Germany, in contrast, produces more natural gas than Denmark -- an estimated 787 Bcf in 2002. Nearly all of Germany's natural gas production, however, is located onshore. Germany has only one offshore natural gas field () located in the German North Sea. Natural gas production from the field began in September 2000. The Deutsches Nordseekonsortium (German North Sea Consortium), comprising Wintershall (operator) (49.95%), BEB Erdgas und Erdöl (40.45%), RWE Dea (7.1%) and EWE (2.5%), operate the field. The field produces both natural gas and condensate, which are transported via two pipelines to a platform in the Dutch North Sea. From there, the condensate is loaded onto ships while the natural gas pipeline continues until it connects to the main Dutch offshore pipeline - NOGAT.

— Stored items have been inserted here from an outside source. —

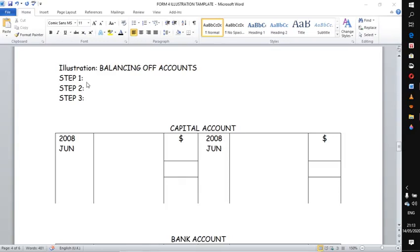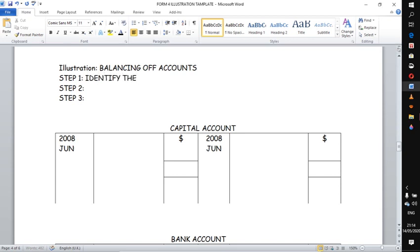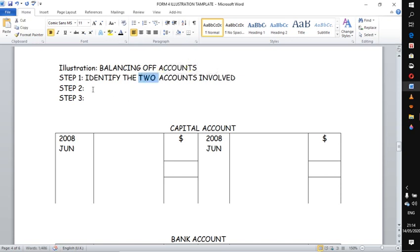To help those who are still having challenges in balancing of accounts — recording and balancing of accounts — I shall take you through steps that you have to follow when dealing with recording of accounts and balancing, especially the double entry part. Step number one: when you are given a transaction, you should be able to identify the two accounts involved.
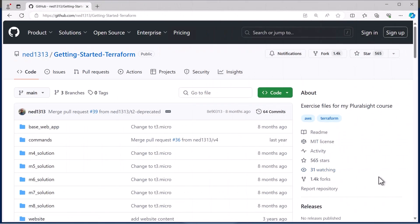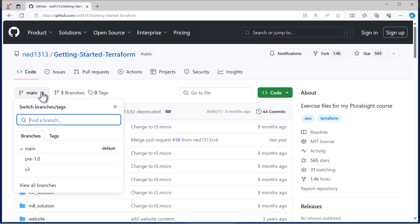For example I have this GitHub repository here that I want to clone, and if we have a look it's got multiple branches on it. I want to clone the v3 version of this GitHub repository.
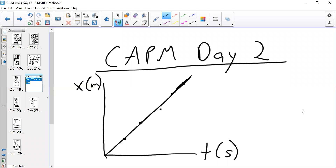All right. So this is day two, CAPM — constant acceleration particle model. We're familiar with this type of graph so far. We've seen this a number of times in the CVPM where we can translate the slope of a position-time graph into a velocity. We have defined the slope of a position-time graph to be the velocity. And from a velocity-time graph, we know that the slope of a velocity-time graph is the acceleration.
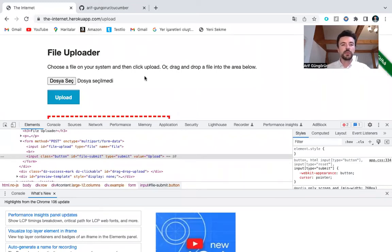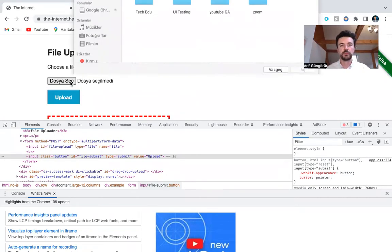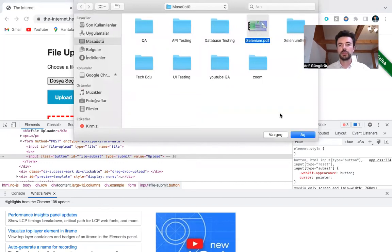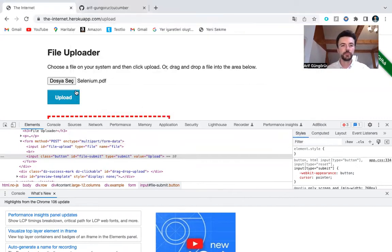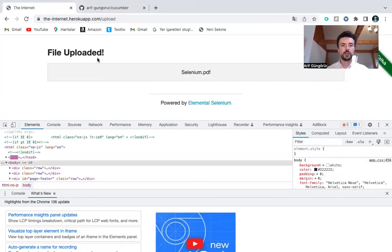I will work on this website first. I have to perform manual testing before automation. I will upload this Selenium PDF. As you see, manual test passed.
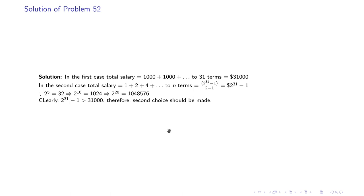To compute this: 2^5 is 32, so 2^10 is 32 squared which is 1024, and 2^20 becomes approximately 1 million. So clearly 2^31 − 1 will be far greater than $31,000, and therefore everyone should make the second choice — there is no doubt about it.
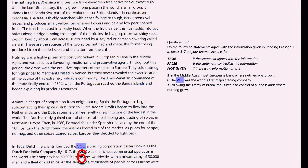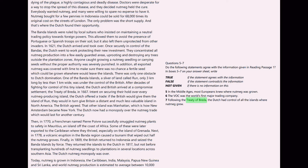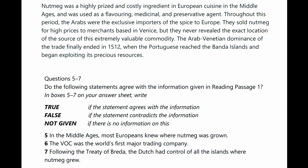VOC is here, so this is question 6. Remember, questions are in order, so question 5 should be in a paragraph above. There it is — 'Middle Ages' — so question 5 should be around here. Question 7 should be after where we found VOC, so let's find 'Treaty of Breda' on the next page. Not in the first paragraph — this paragraph is huge. Seeing question 7, we also have 'the Dutch' in here, so we are close. Treaty of Breda — the answer to question 7 must be around here.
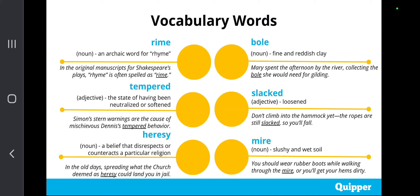Fourth, bole — a noun which means fine and reddish clay. Example: Mary spent the afternoon by the river collecting the bole she would need for gilding. Fifth, slacked — an adjective which means loosened. Example: don't climb into the hammock yet; the ropes are still slacked so you'll fall. And sixth is mire — a noun which means slushy and wet soil. Example: you should wear rubber boots while walking through the mire or you'll get your hems dirty.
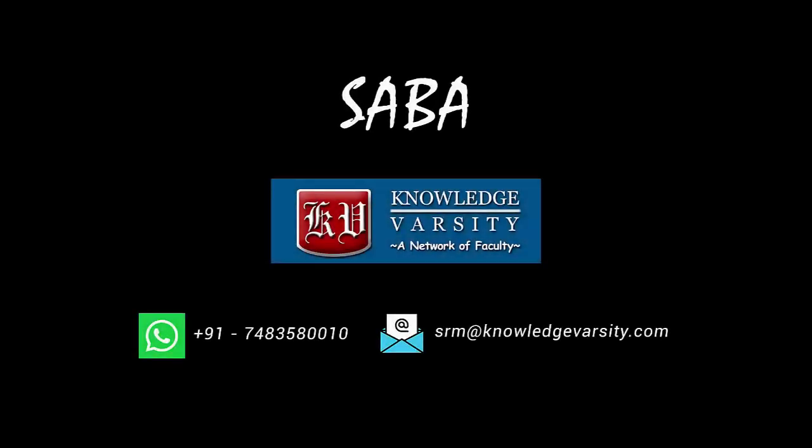This video is part of the certification program SABA, Spreadsheet Applications in Business Analytics.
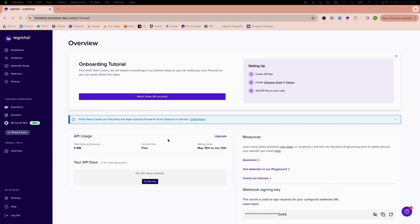Welcome to Nightfall's Firewall for AI. Firewall for AI enables you to detect and protect sensitive data using Nightfall's industry-leading AI-based detection engine.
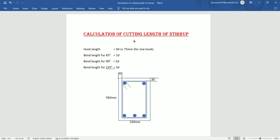Hello friends, in this video I will show you the cutting length of this stirrup. This stirrup will be provided in beams, along with longitudinal bars, as well as to resist beam buckling and diagonal cracks. This stirrup is shown here — these are the longitudinal bars and this is the stirrup.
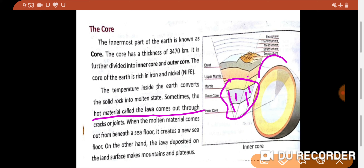When the molten material comes out from beneath the sea floor, it creates a new sea floor. On the other hand, the lava deposited on the land surface makes mountains and plateaus. So these were the three layers of the earth: the crust, the mantle, and the core. Thank you very much, have a good day.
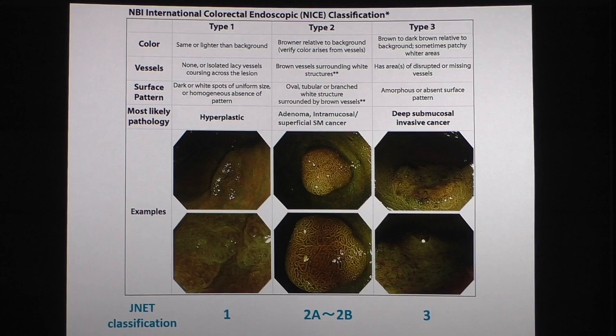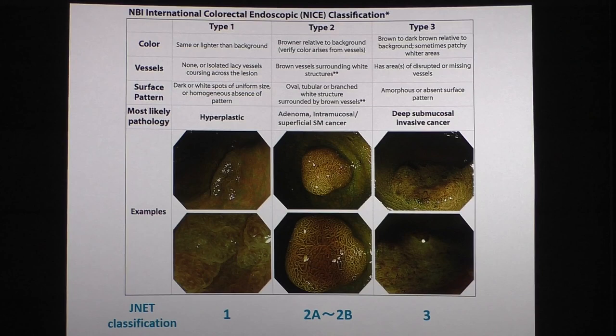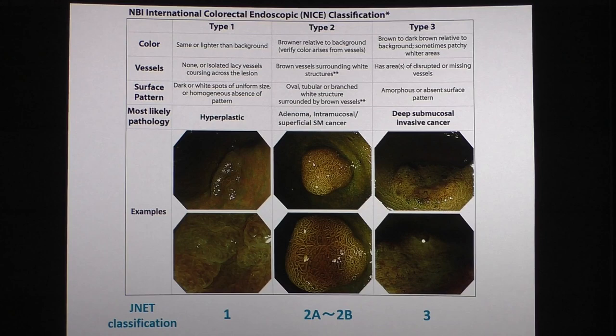However, the inconvenient aspect of NICE classification is that NICE type 2 includes many things — from adenoma, intramucosal cancer, superficial submucosal cancer, and also possibility of deep submucosal invasive cancer. Based on my experience in Japan, if you can get a scope with magnification, that will be very helpful, because we can perform more detailed histological diagnosis and depth diagnosis.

Natural Gas Infrastructure
The already substantial North Sea natural gas infrastructure continues to grow. The Netherlands and the UK have the most extensive pipeline networks in place, while Norwegian export routes connect its giant natural gas fields to the European Continent.
The United Kingdom
The UK has many pipeline connections to the southern North Sea, bordering on the Dutch North Sea sector. The major receiving ports for these pipelines include Bacton, Theddlethorpe, and Easington, all located in the middle of England's North Sea coast. One pipeline also connects to Teesside, further north on the English coast. There are many connections from the northern North Sea to Scotland which come onshore at St. Fergus (Vesterland), just north of Aberdeen. The UK is currently a small natural gas exporter and has a pipeline connection to Zeebrugge, Belgium (known as Interconnector) that can be reversed so that the UK is also able to import natural gas. With the UK expected to become a net natural gas importer in a couple of years, the operators of the Interconnector have been expanding the pipeline's reverse-flow capacity. By December 2005, reverse-flow capacity will reach 583 Bcf per year and by December 2006, it will reach 830 Bcf per year. There is currently one pipeline connecting Scotland to Northern Ireland. Scotland also is linked to the Republic of Ireland via two parallel pipelines.
New UK Import Pipelines
There are three major import pipeline projects under development, with only two to be realized in the near term. The first project – the Balgzand to Bacton pipeline – received the green light to proceed in May 2004. The new pipeline will link Balgzand in the Netherlands to the Bacton terminal on the UK's east coast. The capacity of the proposed 147-mile pipeline will depend on commitments received from shippers and on subsequent negotiations. The BBL Company will own and operate the pipeline. Gastransport Services, a subsidiary of Gasunie will hold a 60% stake, whereas other stakeholders, E.ON Ruhrgas and Fluxys, will each hold 20% respectively. The other project is Langeled, which will link Norway’s Ormen Lange field to the UK. The development of this pipeline depends, however, on whether Norway and the UK can come to an agreement on a cross-border treaty. The final project - the North European Pipeline – could potentially link Russia’s vast natural gas reserves to the UK. Although the Russian government approved construction of the $5.7 billion North European Gas pipeline in January 2004, it remains unclear whether the project will materialize.
Norway
Norway has a number of natural gas trunklines connecting to Europe: the Europipe I and Norpipe systems to Emden, Germany; the Zeepipe trunkline to Zeebrugge, Belgium; the Franpipe line to Dunkerque, France; and the Europipe II line from Kårstø, Norway to Dornum, Germany. These Norwegian trunklines provide an estimated combined gas transport capacity of 3.3 Tcf per year. The Vesterled pipeline transports natural gas from Norway's Frigg field and Heimdal Riser platform, as well as Britain's Galley, Bruce and Alwyn fields to St Fergus in Scotland.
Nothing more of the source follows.